MARTIMM / raku-mongodb-driver

MongoDB driver for Raku
Artistic License 2.0
18 stars 8 forks source link

Advice / Idea on how to Improve Insert / Update performance #33

Open Zer0-Tolerance opened 1 year ago

Zer0-Tolerance commented 1 year ago

Hi, I'd like to get your opinion about this so I'm trying to increase the insert speed in my program but when I create a channel and then create multiple promises to dequeue the channel it seems to block but I don't understand why ... Here is my small code to create promise to dequeue the mongo channel.

my $mongoc = {
  react
    whenever $mongoq {
#      say $_;
      $k++;
      mongoStore($_);
    }
  }
};
my @mongop;
do { @mongop.push: Promise.start($mongoc) for 1..1 };

Below is my code to insert data in Mongo with a specific field is the entry exist or not. $hr contains the final hash of data to be stored in Mongo.

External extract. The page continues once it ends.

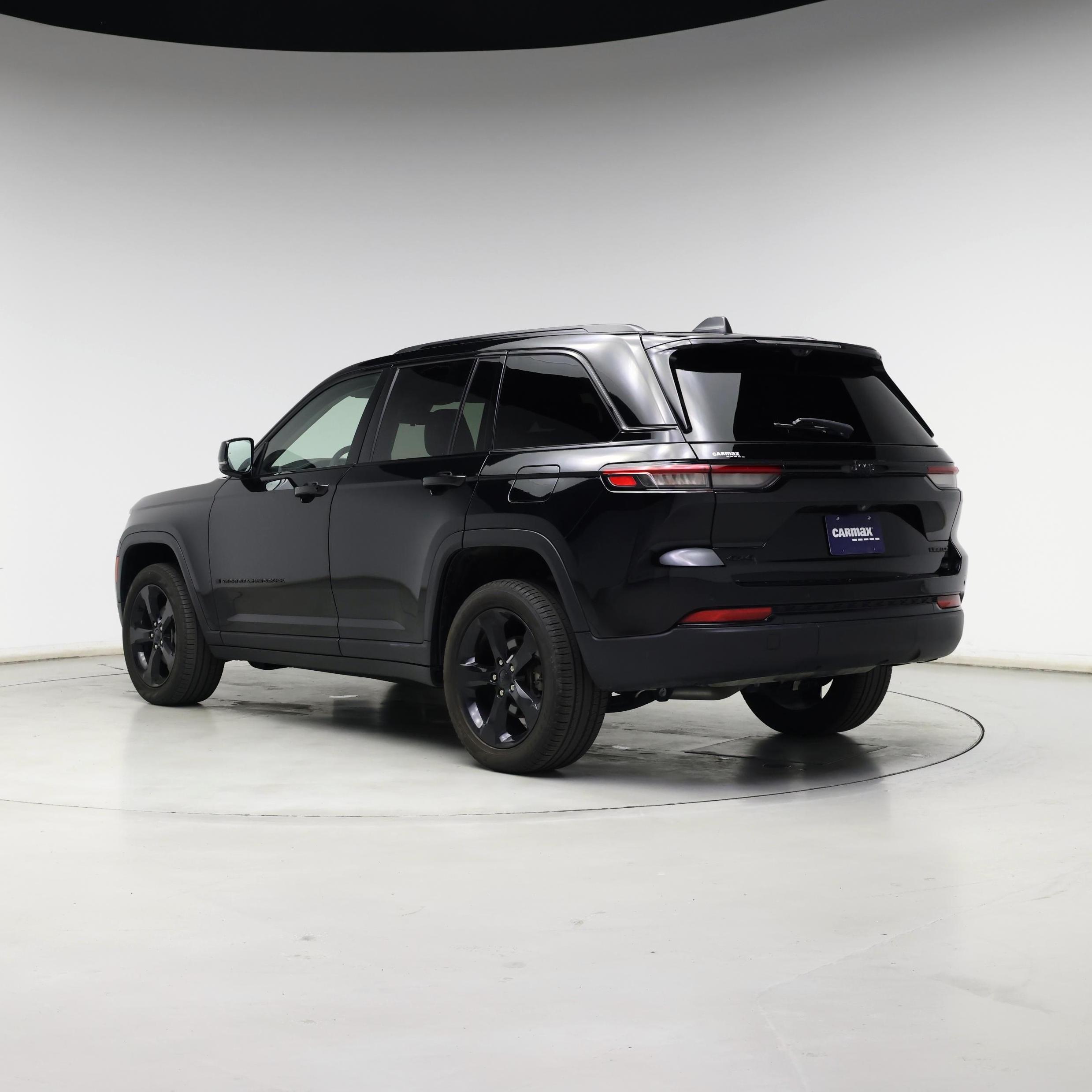 Thumbnail: 2023 Jeep Grand Cherokee - 2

So my problem is that all of this working fine for 1 promise but as soon as I start 2 or more then only one entry is stored. After some debugging it seems that this behavior is only triggered when you call mongoStore so it seems there might be some issue when the run-command is used in // ?

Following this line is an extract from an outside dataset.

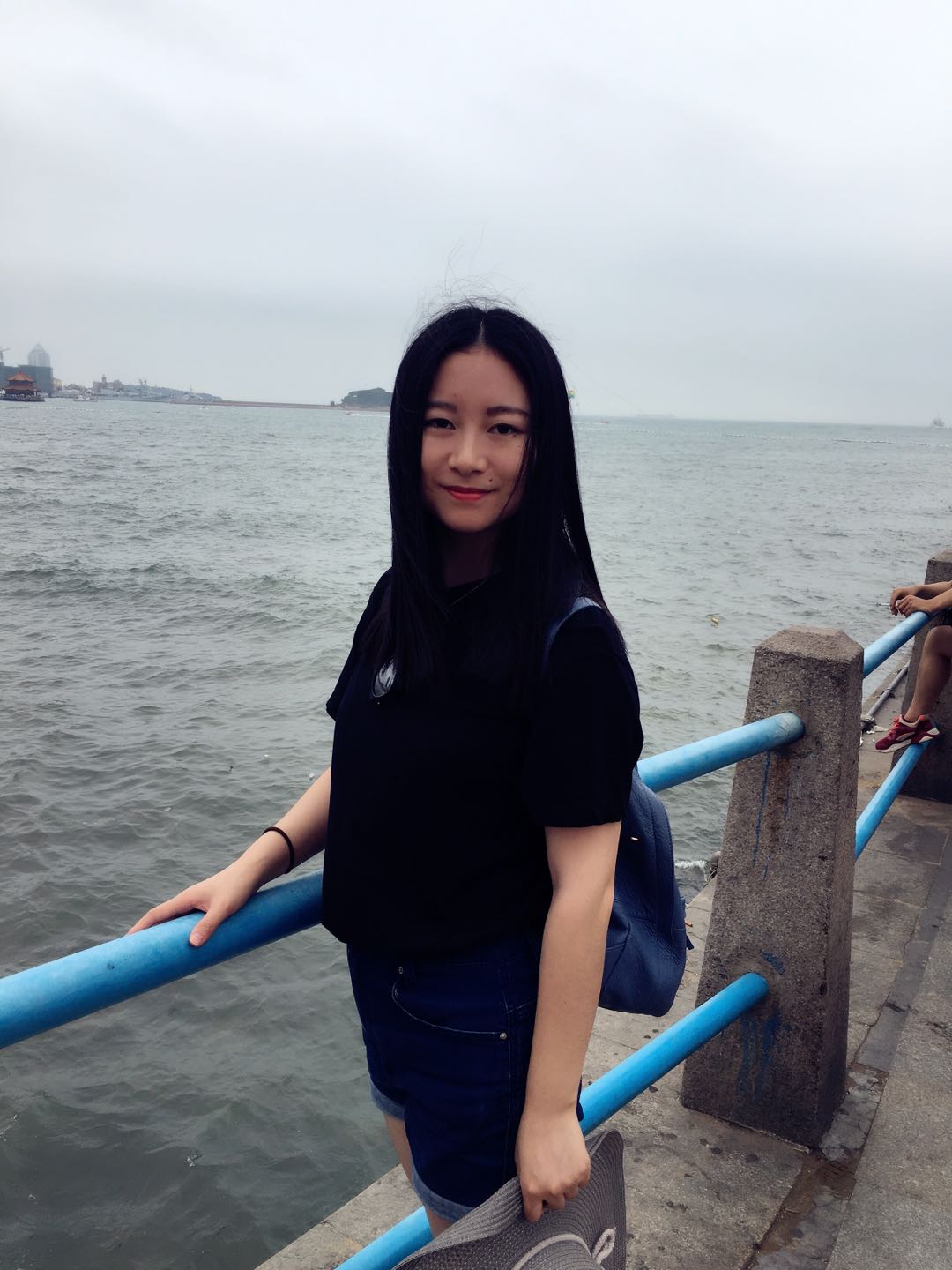 黄瑛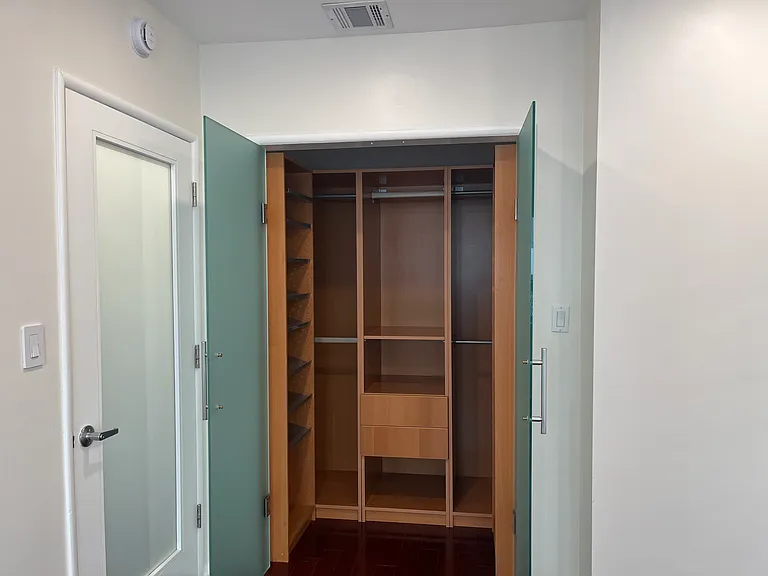 Modern shelving Bedroom closet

sub mongoStore (Hash $h) {
  my $sub=callframe.code.name;
  my $host=$h<host>;
  my $port=$h<port>;
  my $start=DateTime.now;
  my ($countperf,$packperf,$insertperf);
  $req .= new: (count => $col.name, query => (:$host, :$port),);
  my $doc;
  try {
    $doc=$db.run-command($req);
    $countperf=DateTime.now - $start;
    if ($doc<n> eq 0) {
      $h<ctime>=DateTime.now;
    }
    else {
      $h<mtime>=DateTime.now;
    }
    CATCH {
      default {
        say "$sub count exception: ",.^name, '→ ', .Str , " host: $h<host> port: $h<port>";
      }
    }
  }
my $hr= {
    :host($h<host>),
    :port($h<port>),
  };
$hr<ip>=$h<ip> if $h<ip>;
my $uq=(
    q => (:$host, :$port,),
    u => ('$set' => @($hr)),
    upsert => True,
  );
  # say $uq;
  $req .= new: (update => $col.name, updates => [$uq]);
  try {
    $db.run-command($req);
    CATCH {
      default {
        say "$sub update exception: ",.^name, '→ ', .Str , " ip: $h<ip> port: $h<port>";
      }
    }
  }
  $insertperf=DateTime.now - $start;

Do you have any idea how to improve performance / solve the concurrency issue ?

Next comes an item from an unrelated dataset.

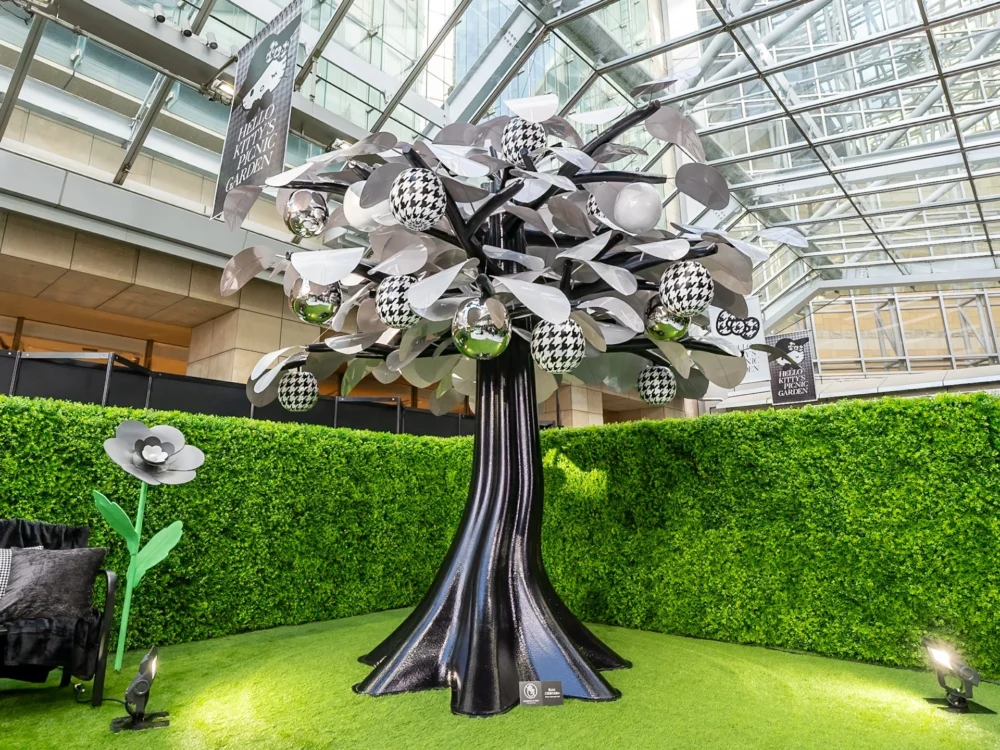 HELLO KITTY’S PICNIC GARDEN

Zer0-Tolerance commented 1 year ago

I don't think I was super clear in my explanation, so I've created this snippet that triggers the issue:

#!/usr/bin/env raku
use BSON::Document;
use MongoDB::Client;
use MongoDB::Database;
use MongoDB::Collection;
# Native MongoDB driver
my MongoDB::Client $client .= new(:uri("mongodb://"));
my MongoDB::Database $db = $client.database('Test');
my MongoDB::Collection $col = $db.collection('test');
my BSON::Document $req;
my $mongoq = Channel.new;
my $k;

my $mongoc = {
  react {
    whenever $mongoq {
      my Array $docs = [];
      $docs.push: $_;
#      dd $docs;
      insert($docs);
    }
  }
};
my @mongop;
do { @mongop.push: Promise.start($mongoc) for 1..2 };

for ^10 -> $i {
  $mongoq.send: (
  code                => "n$i",
  name                => "name $i and lastname $i",
  address             => "address $i",
  test_record         => "tr$i"
  );
}
$mongoq.close;
await Promise.allof(@mongop);
say '';
say now - INIT now;

sub insert ($docs) {
  $req .= new: (
    insert => $col.name,
    documents => $docs
  );
  my BSON::Document $doc = $db.run-command($req);
  $k++;
  print "\r\e[K","inserted $k docs";
}

Let me know if you're able to reproduce to issue, this code should get stuck after 1/2 inserts.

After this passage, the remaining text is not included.